Create a table of your categorical variable. We do this to make sure we have enough data at each level for it to make sense to use it as an \(X\). Ideally, you want to make sure each level has at least 10% of the data. Show the table and state whether your explanatory variable meets the 10% standard.

Code

knitr::kable( table( data$categorical) )

where

• data: replace with the name of your data set.
• categorical: replace with the name of the column with your categorical variable.

Question 4

Build an MR model using both your X from Project Part 2 and your categorical X (so the model should have 2 X variables in it). Call the model model_both.

As an answer to this question (1) use the code below to show the coefficient table and (2) write down the fitted model using appropriate notation.

Hint: To write down the model, put in the white space: $$\hat{Y} = $$

Code:

knitr::kable( summary(model_both)$coefficients)

Question 5

Choose one categorical coefficient from your fitted model and interpret it.

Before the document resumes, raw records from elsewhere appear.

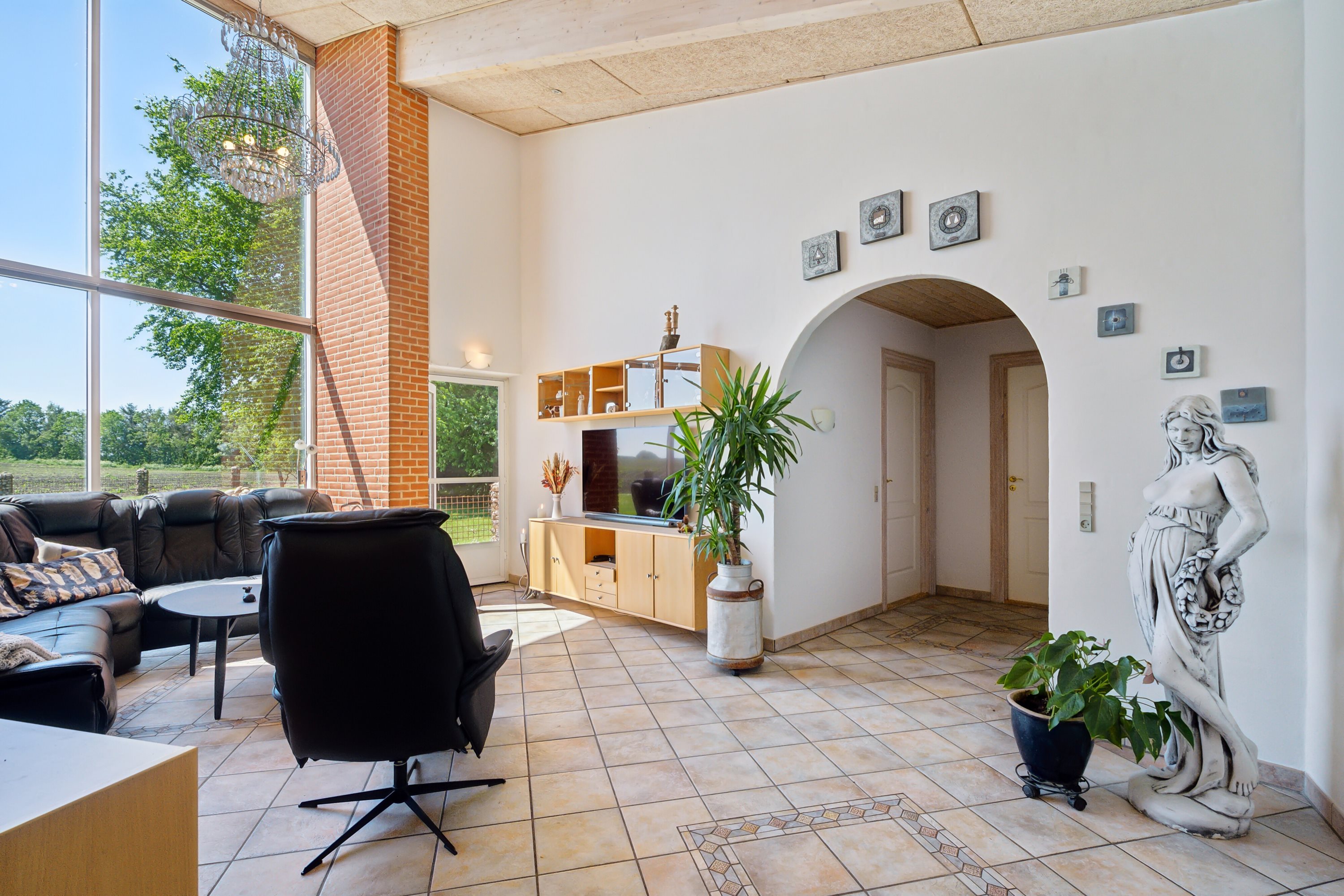 Fremhævet stue billede i fuldskærmstilstand. Billede af Batum Hedevej 8, Batum, 8830 Tjele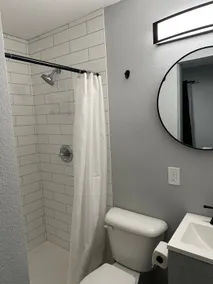Small but Clean Studio Apt - Image 3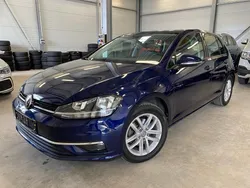 Blau Gebraucht 2020 VW Golf VII Highline Limousine | 18.900 € (Fairer Preis)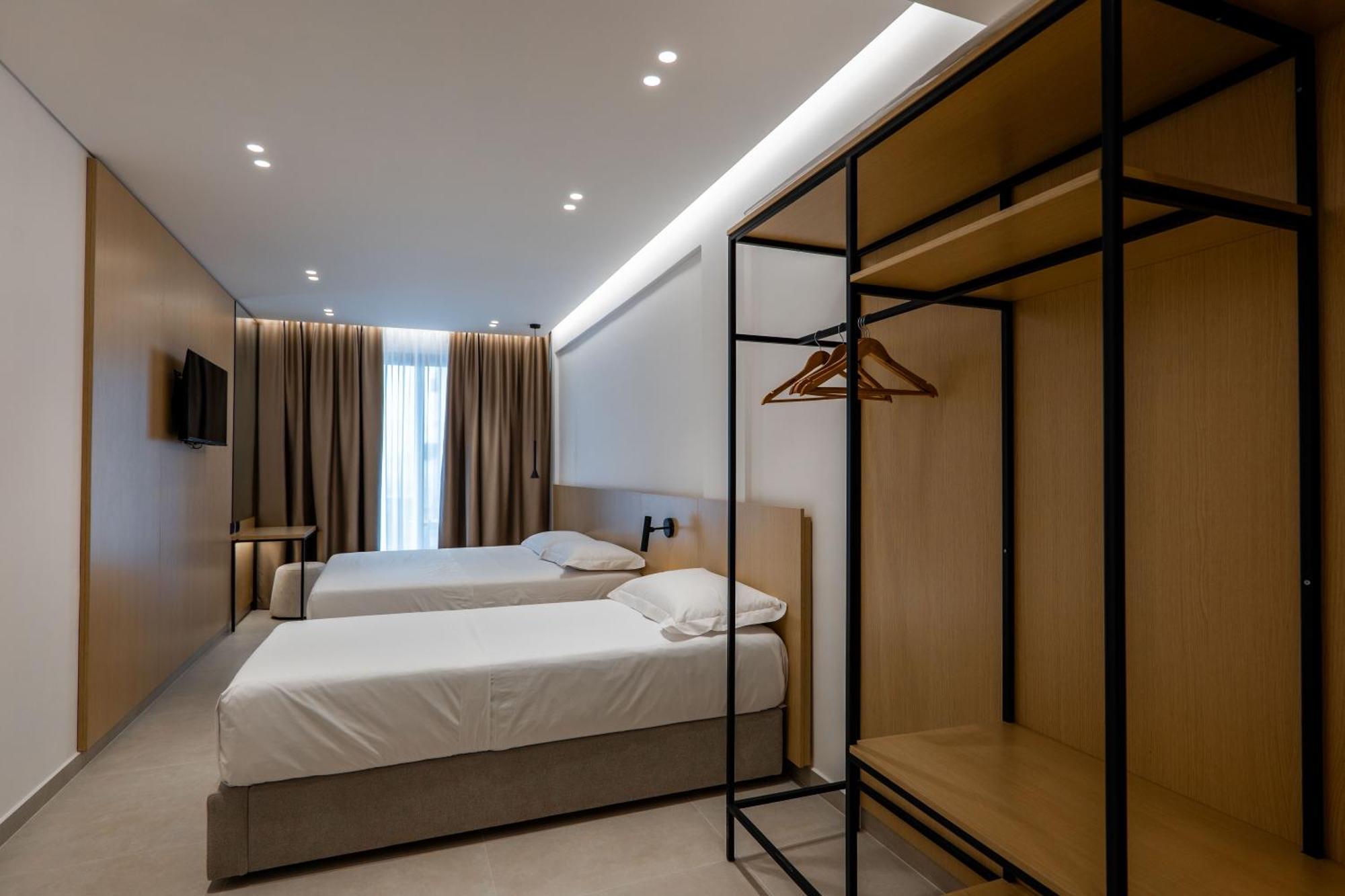 Austin Boutique Hotel Sarande Bagian luar foto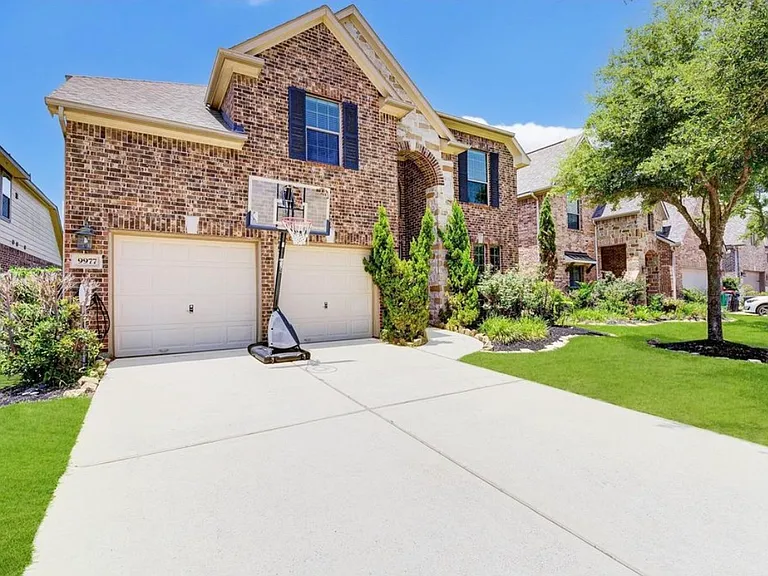 9977 Norhill Heights Ln — Photo 1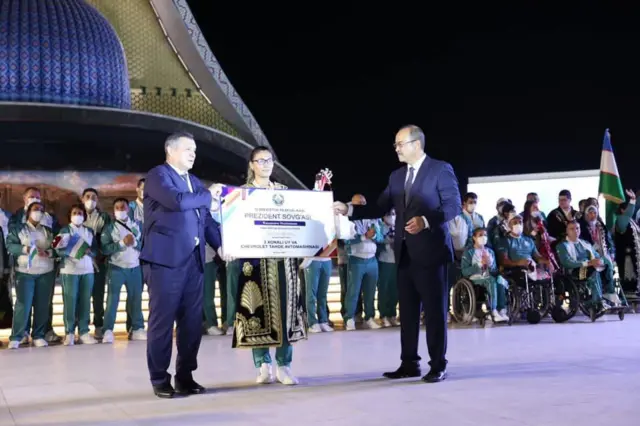 Тошкентда тантанали қарши олиш маросими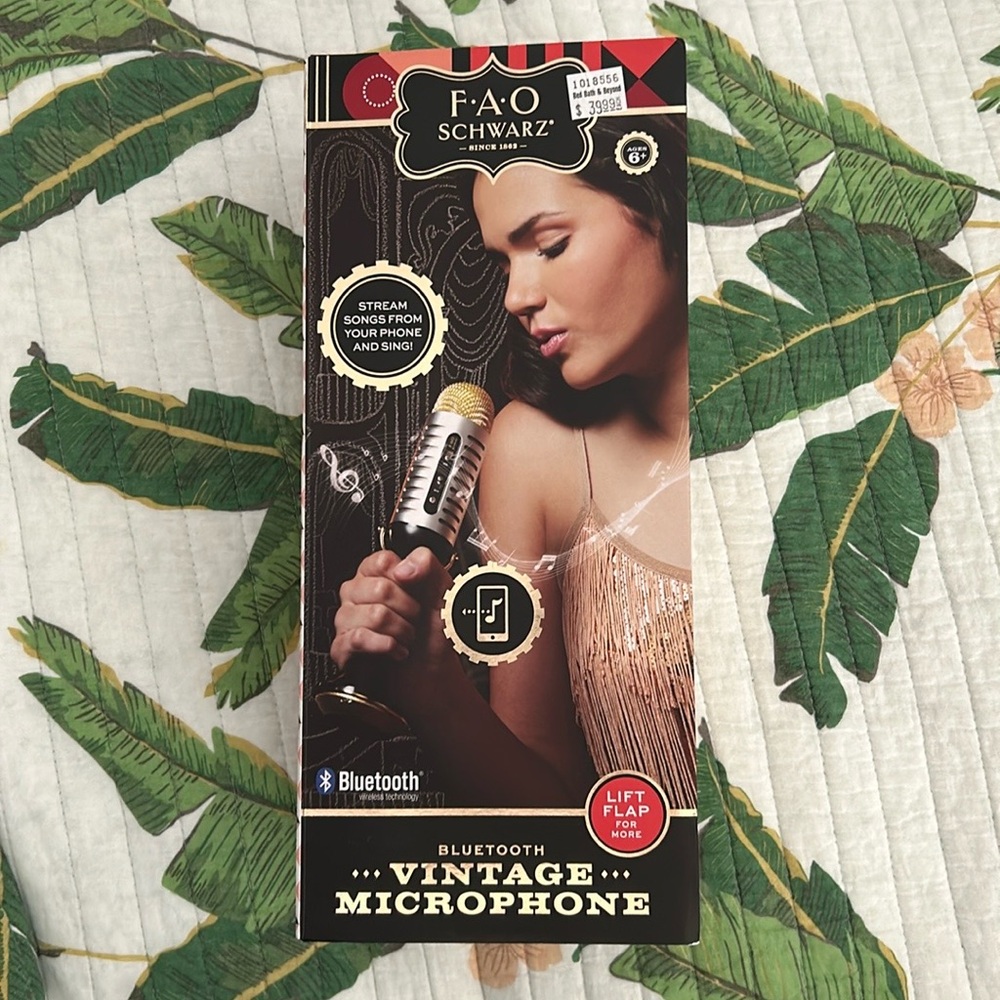 FAO Schwarz Bluetooth Vintage Microphone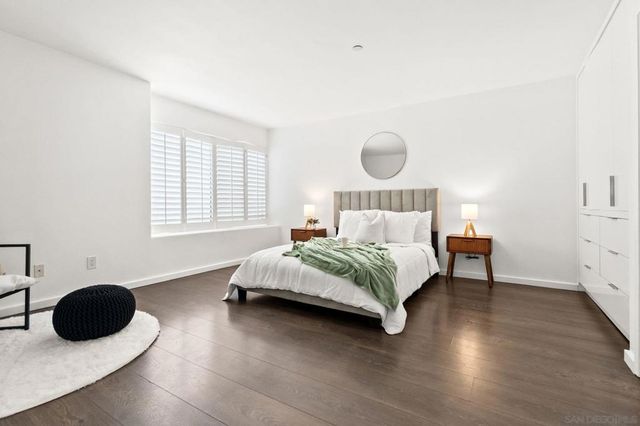 2556 Navarra Drive C, Carlsbad, CA 92009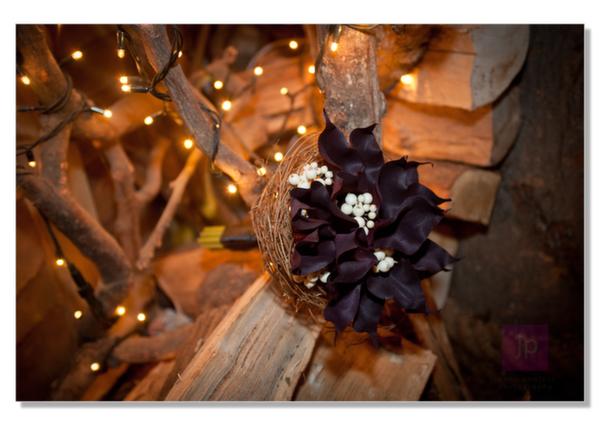 MrsPandP's tweet photo. Deep plum colours for a bridal bouquet for #AlnwickTreehouse Wedding  - Image @jamie_penfold http://t.co/bOL8mmv1Ne http://t.co/gOi0PHO45F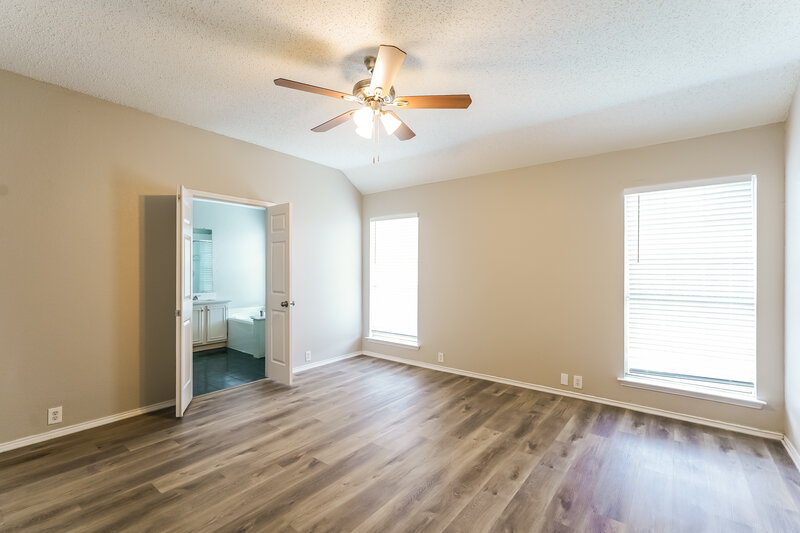 2,475/Mo, 4612 Parkmount Dr Fort Worth, TX 76137 Main Bedroom View 2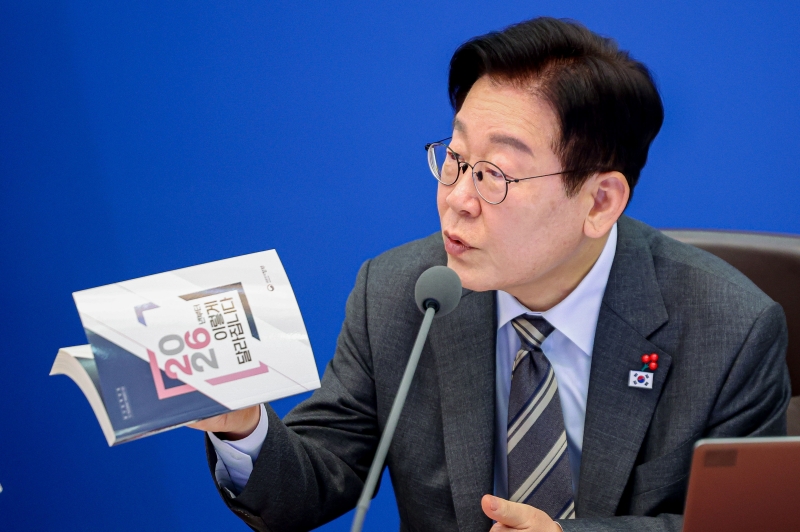 ▲ 이재명 대통령이 20일 청와대에서 열린 국무회의에서 정책 자료집을 들고 발언하고 있다. ⓒ뉴시스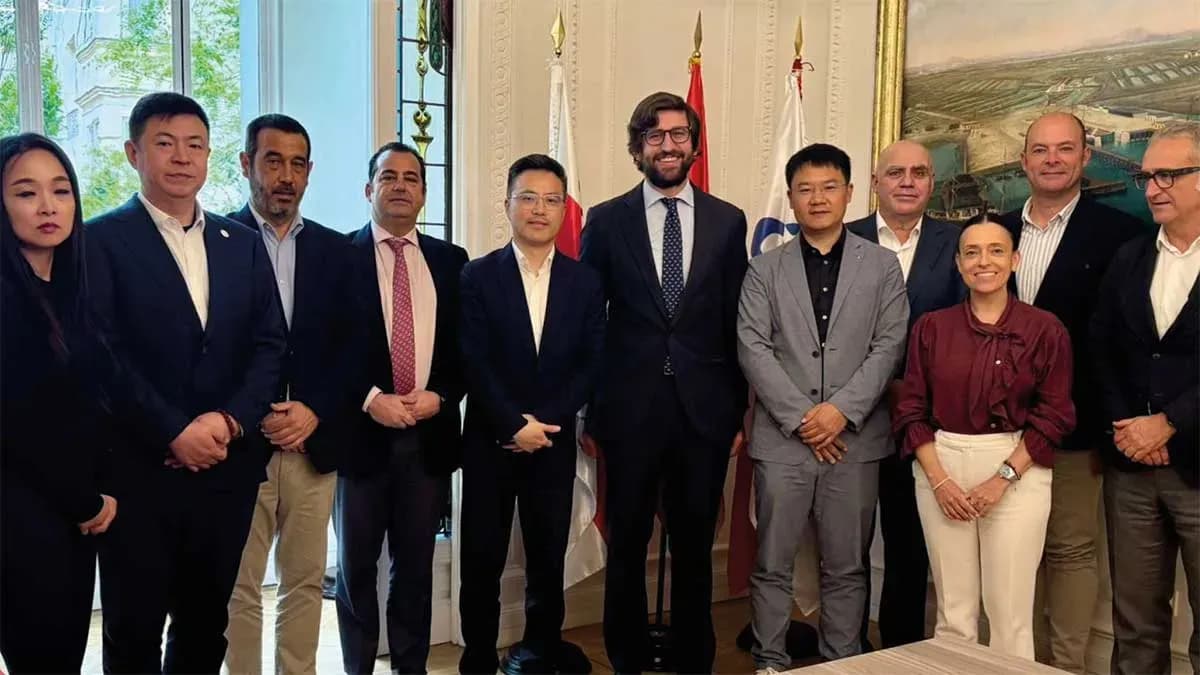 Pérez et Cía. reçoit dans son siège à Madrid une délégation de COSCO Shipping pour renforcer sa collaboration en Espagne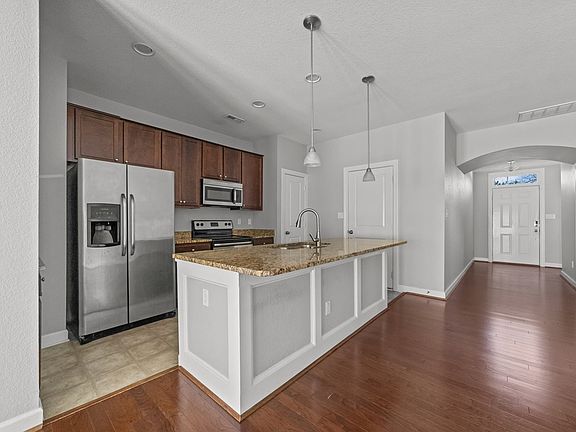 5th image of 4345 Elderberry Ln #1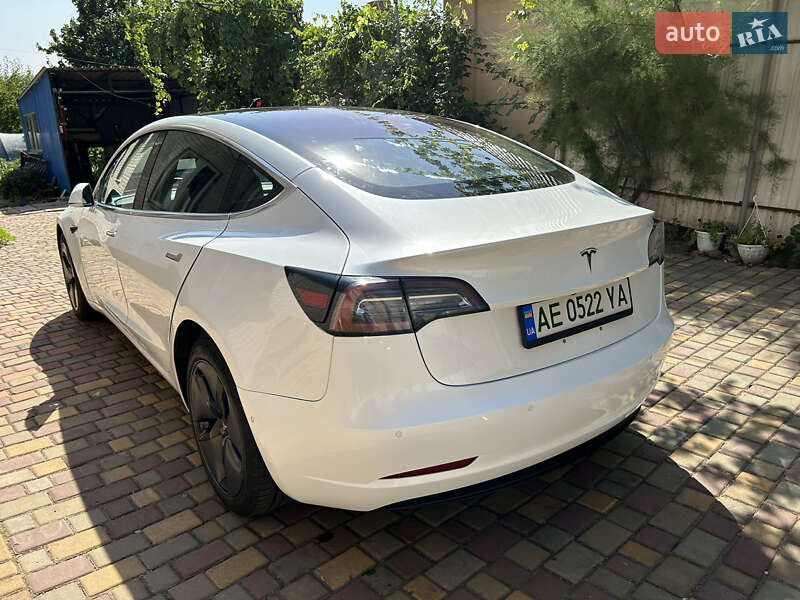 Седан Tesla Model 3 2018 в Кривому Розі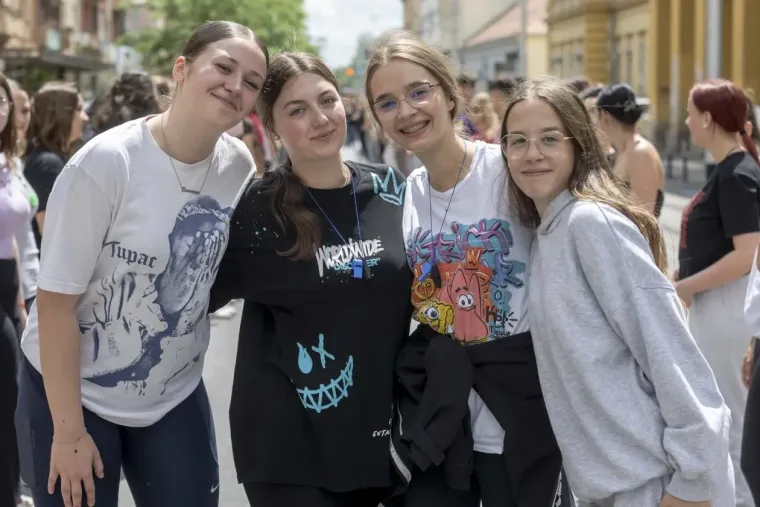 Maturanti preplavili centar Osijeka: Zgodne djevojke pokazale kako se ple&scaron;e quadrilla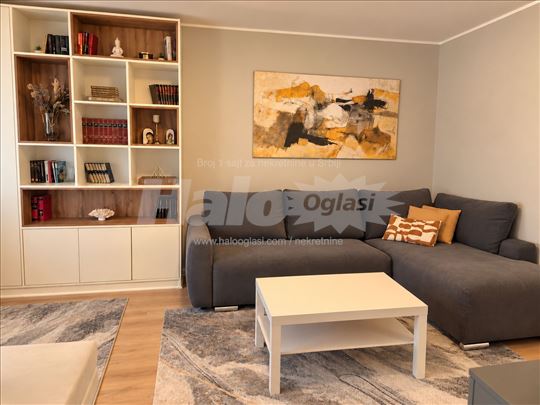 Braće Jerković – renoviran dvosoban stan, 55 m²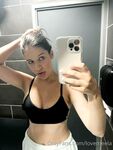 lovemeela Photos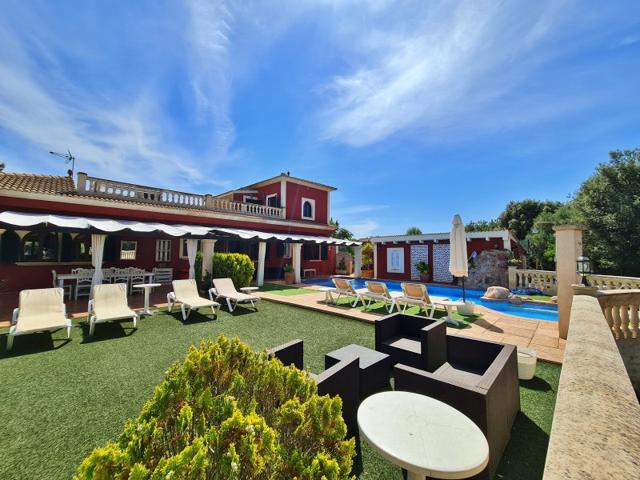 Casa con terreno en venta en Llucmajor photo 0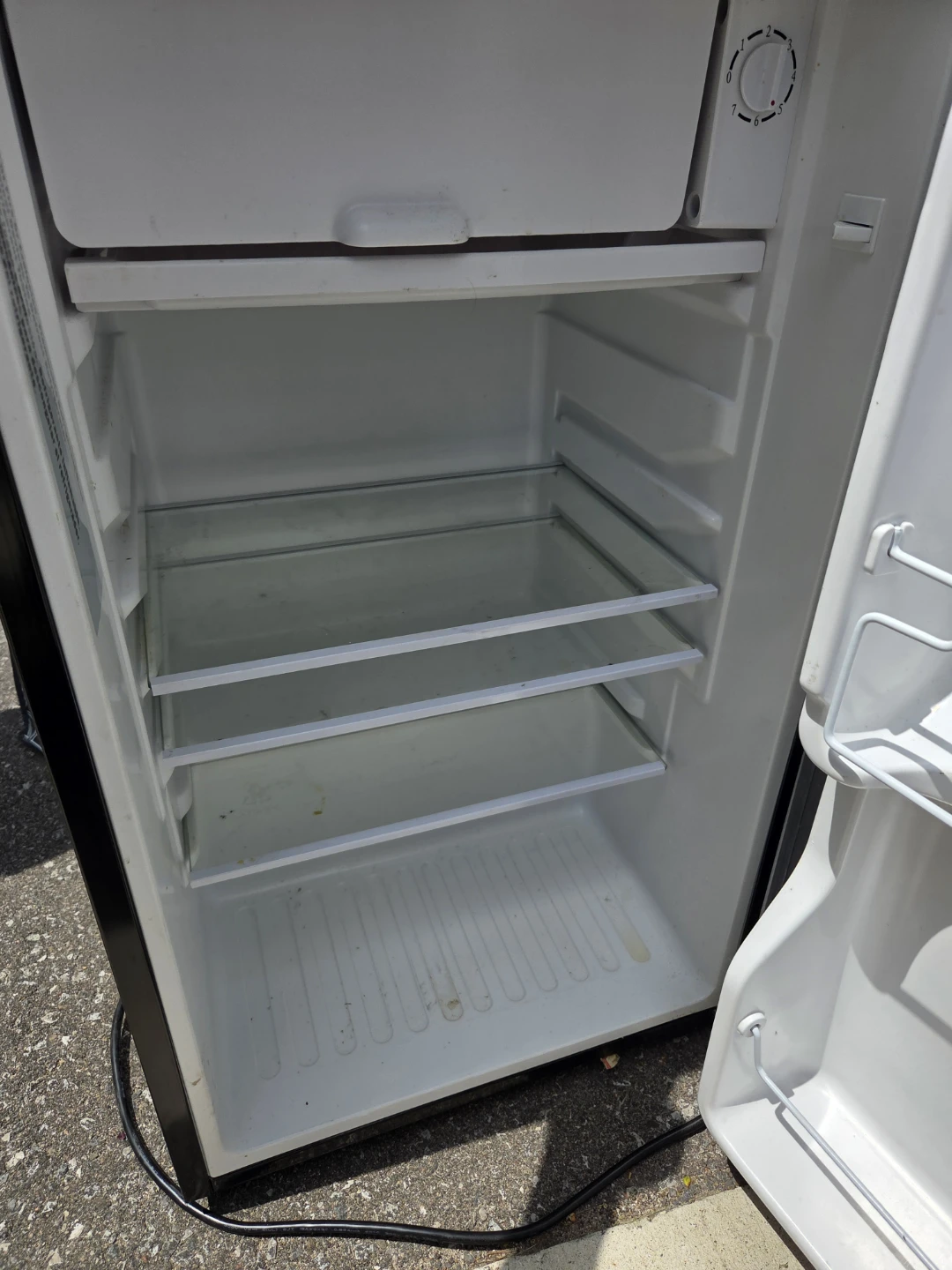 Magic Chef Mini Fridge - photo 2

Example: If my variable is Wake Forest class, I could interpret the coefficient for sophomore.

Question 6

Use ANOVA to determine how much adding your categorical variable improved your model fit. As an answer to this question, (1) show the ANOVA table using the code below and (2) use appropriate numeric values from the table to describe how much the categorical variable is contributing to the model fit.

Code

knitr::kable( anova(model_both) )

Question 7

We have now built two models on the same data set, one with one X and the other with two Xs. To check to see if adding the new variable improved the fit of the model (meaning how well the model matches the data), we compute the adjusted \(R^2\).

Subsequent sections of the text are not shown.